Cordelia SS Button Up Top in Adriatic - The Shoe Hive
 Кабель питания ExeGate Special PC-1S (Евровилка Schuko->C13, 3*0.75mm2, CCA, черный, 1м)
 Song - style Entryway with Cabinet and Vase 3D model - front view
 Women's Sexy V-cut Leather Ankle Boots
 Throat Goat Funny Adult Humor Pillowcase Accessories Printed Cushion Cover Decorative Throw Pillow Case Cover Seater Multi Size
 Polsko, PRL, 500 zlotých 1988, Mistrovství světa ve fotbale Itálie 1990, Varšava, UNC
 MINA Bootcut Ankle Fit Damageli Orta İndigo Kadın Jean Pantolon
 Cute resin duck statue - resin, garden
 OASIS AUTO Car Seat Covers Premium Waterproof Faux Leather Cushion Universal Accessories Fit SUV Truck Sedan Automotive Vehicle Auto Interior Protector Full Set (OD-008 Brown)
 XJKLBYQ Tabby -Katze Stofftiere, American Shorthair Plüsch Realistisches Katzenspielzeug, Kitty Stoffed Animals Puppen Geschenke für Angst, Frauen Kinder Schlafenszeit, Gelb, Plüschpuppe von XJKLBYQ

• [Task]
Reprint the entire listing exactly.

• [Answer space]
Cordelia SS Button Up Top in Adriatic - The Shoe Hive
 Кабель питания ExeGate Special PC-1S (Евровилка Schuko->C13, 3*0.75mm2, CCA, черный, 1м)
 Song - style Entryway with Cabinet and Vase 3D model - front view
 Women's Sexy V-cut Leather Ankle Boots
 Throat Goat Funny Adult Humor Pillowcase Accessories Printed Cushion Cover Decorative Throw Pillow Case Cover Seater Multi Size
 Polsko, PRL, 500 zlotých 1988, Mistrovství světa ve fotbale Itálie 1990, Varšava, UNC
 MINA Bootcut Ankle Fit Damageli Orta İndigo Kadın Jean Pantolon
 Cute resin duck statue - resin, garden
 OASIS AUTO Car Seat Covers Premium Waterproof Faux Leather Cushion Universal Accessories Fit SUV Truck Sedan Automotive Vehicle Auto Interior Protector Full Set (OD-008 Brown)
 XJKLBYQ Tabby -Katze Stofftiere, American Shorthair Plüsch Realistisches Katzenspielzeug, Kitty Stoffed Animals Puppen Geschenke für Angst, Frauen Kinder Schlafenszeit, Gelb, Plüschpuppe von XJKLBYQ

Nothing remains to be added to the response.